Kroger lifts forecast after stronger third quarter
NEW YORK -- Kroger Co. is raising its earnings outlook for the year after the nation's largest traditional supermarket chain reported a third-quarter profit that topped Wall Street expectations.
The company, which also operates Fry's, Food 4 Less and Ralphs, has been working to improve the shopping experience and build customer loyalty as it fends off competition from specialty grocers such as Whole Foods and big-box retailers such as Target, as well as dollar stores and drugstore chains.

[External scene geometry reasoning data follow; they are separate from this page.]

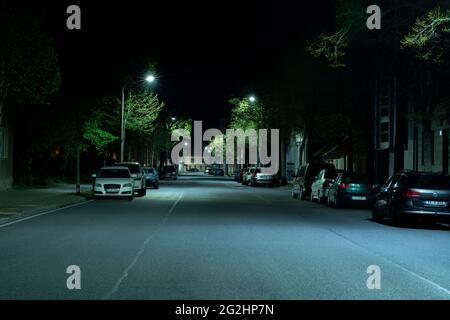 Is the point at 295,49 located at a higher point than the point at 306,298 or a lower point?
higher

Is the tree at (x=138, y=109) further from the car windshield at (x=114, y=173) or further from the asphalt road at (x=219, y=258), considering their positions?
the asphalt road at (x=219, y=258)

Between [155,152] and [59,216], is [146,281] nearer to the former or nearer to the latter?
[59,216]

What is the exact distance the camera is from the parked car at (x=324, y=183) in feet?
104

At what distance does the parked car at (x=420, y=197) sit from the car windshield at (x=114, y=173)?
16468mm

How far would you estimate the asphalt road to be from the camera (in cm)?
912

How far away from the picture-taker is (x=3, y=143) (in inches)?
1543

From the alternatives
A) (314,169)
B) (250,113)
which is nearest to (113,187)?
(314,169)

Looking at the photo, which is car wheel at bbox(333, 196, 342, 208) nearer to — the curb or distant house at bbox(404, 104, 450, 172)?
distant house at bbox(404, 104, 450, 172)

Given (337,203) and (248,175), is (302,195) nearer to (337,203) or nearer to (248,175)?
(337,203)

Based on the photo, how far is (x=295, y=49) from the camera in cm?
4878

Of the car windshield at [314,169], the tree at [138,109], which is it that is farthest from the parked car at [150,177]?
the car windshield at [314,169]

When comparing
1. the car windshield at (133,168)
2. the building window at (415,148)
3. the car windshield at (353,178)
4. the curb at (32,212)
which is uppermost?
the building window at (415,148)

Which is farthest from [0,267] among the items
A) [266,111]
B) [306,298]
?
[266,111] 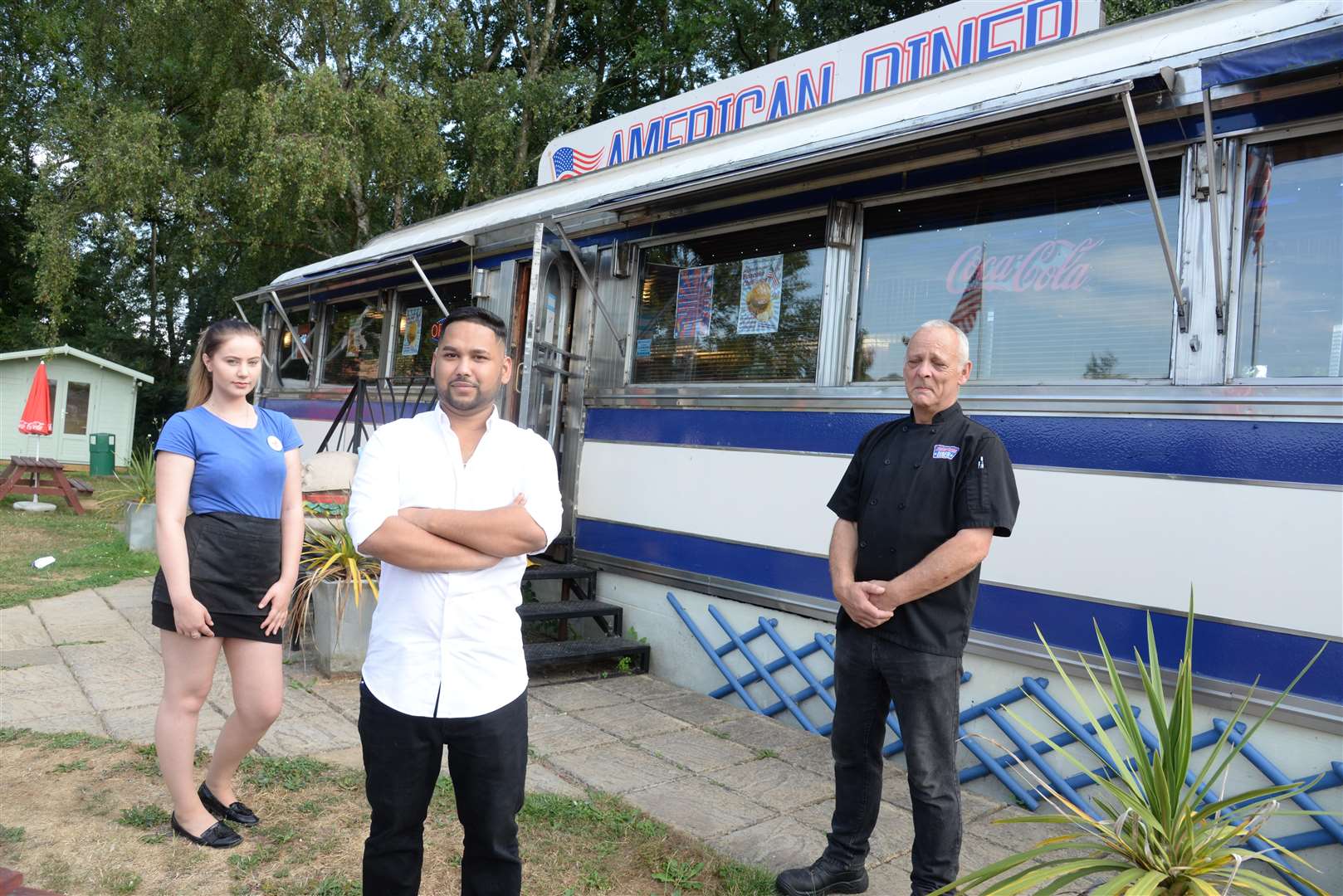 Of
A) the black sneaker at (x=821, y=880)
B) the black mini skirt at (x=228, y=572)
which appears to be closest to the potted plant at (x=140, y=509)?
the black mini skirt at (x=228, y=572)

As shopping habits change, the Cincinnati-based company has also been experimenting with new formats such as its larger "Marketplace" stores that have a bigger footprint and sell general merchandise in addition to groceries. It has also opened about a dozen smaller "Ruler" stores that focus primarily on cheaper, private-label products.

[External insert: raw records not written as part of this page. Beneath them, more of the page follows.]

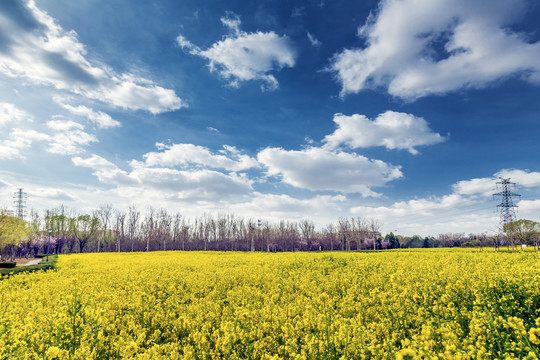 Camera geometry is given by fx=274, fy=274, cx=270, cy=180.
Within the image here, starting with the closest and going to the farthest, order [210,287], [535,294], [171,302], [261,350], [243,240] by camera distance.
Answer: [261,350] < [535,294] < [171,302] < [210,287] < [243,240]

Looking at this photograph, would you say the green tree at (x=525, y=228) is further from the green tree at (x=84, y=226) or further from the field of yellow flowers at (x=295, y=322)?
the green tree at (x=84, y=226)

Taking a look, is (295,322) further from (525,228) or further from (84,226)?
(84,226)

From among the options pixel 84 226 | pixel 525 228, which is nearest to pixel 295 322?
pixel 525 228

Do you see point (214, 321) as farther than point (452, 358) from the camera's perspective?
Yes

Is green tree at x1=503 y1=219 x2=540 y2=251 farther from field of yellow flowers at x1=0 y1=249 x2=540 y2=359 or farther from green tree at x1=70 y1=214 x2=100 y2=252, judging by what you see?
green tree at x1=70 y1=214 x2=100 y2=252

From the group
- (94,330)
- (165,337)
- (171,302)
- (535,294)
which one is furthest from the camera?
(171,302)

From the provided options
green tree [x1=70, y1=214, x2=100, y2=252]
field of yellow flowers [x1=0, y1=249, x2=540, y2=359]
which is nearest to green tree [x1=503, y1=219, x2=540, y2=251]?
field of yellow flowers [x1=0, y1=249, x2=540, y2=359]

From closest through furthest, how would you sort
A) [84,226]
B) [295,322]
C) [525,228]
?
[295,322]
[525,228]
[84,226]

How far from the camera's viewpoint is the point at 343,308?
727 cm

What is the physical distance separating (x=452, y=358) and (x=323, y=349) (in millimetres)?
2003

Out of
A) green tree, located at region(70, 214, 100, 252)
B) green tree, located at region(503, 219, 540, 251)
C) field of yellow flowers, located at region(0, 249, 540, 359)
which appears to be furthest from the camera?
green tree, located at region(70, 214, 100, 252)

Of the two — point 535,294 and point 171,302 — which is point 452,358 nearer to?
point 535,294

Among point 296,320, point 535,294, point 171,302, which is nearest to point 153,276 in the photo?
point 171,302

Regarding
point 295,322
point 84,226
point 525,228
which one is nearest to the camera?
point 295,322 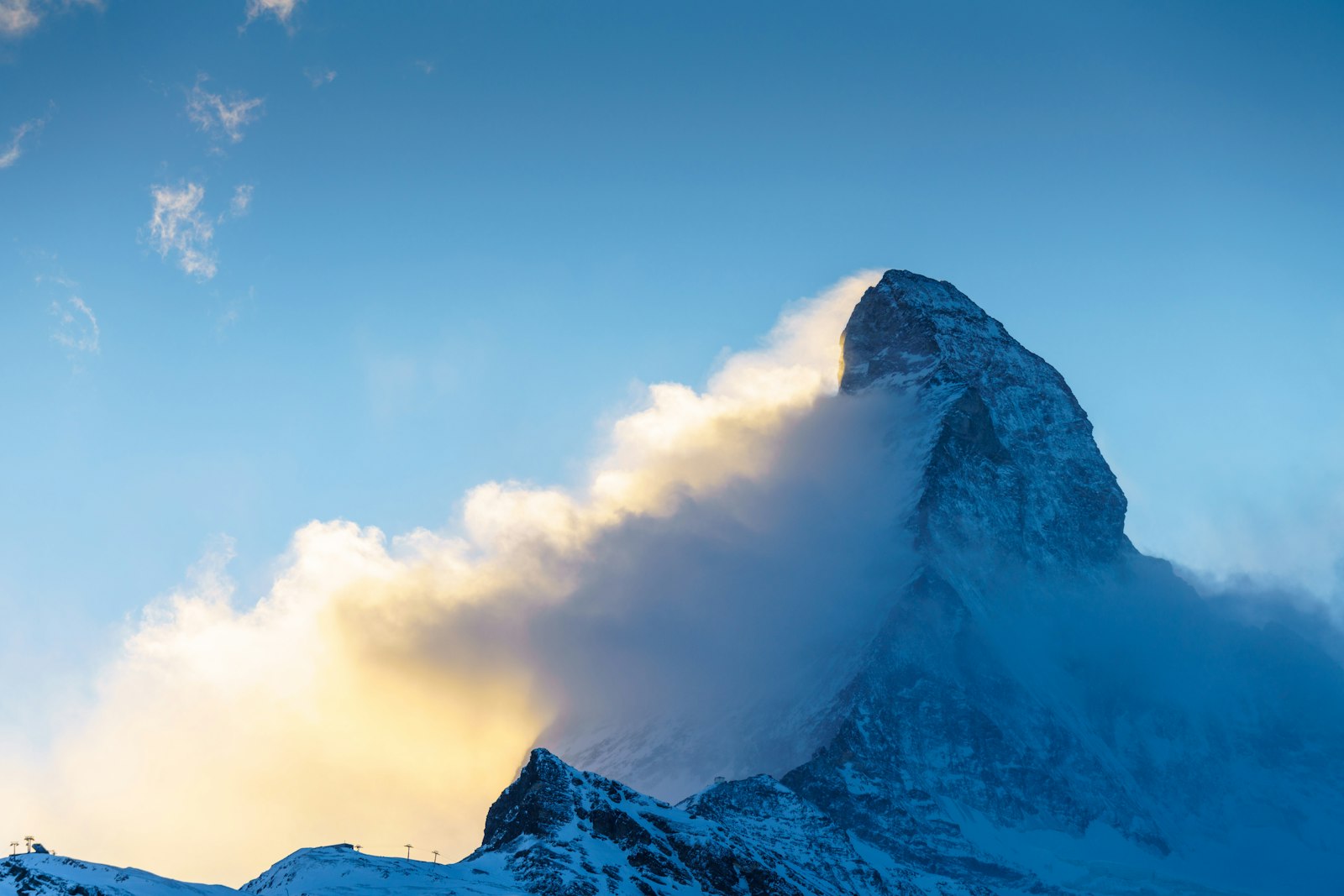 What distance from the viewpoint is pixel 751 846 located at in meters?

In an interview, CEO Dave Dillon has said that Kroger's supermarket format would continue to evolve to remain relevant. He noted that the boundaries between supermarkets, big-box retailers and dollar stores are also blurring.
For the three months ended Nov. 3, the company said revenue at locations open at least a year rose 3.2 percent. The metric is a key gauge of health because it strips out the impact of newly opened and closed locations.
The company said it earned $316.5 million, or 60 cents per share, for the period. That compares with $195.9 million, or 33 cents per share, a year ago. The most recent quarter included gains from a settlement with Visa and MasterCard and a reduction in the company's pension fund contributions.
Not including special items, the company earned 46 cents per share. Revenue rose 6 percent to $21.81 billion.
Analysts on average expected an adjusted profit of 43 cents per share on revenue of $21.55 billion, according to FactSet.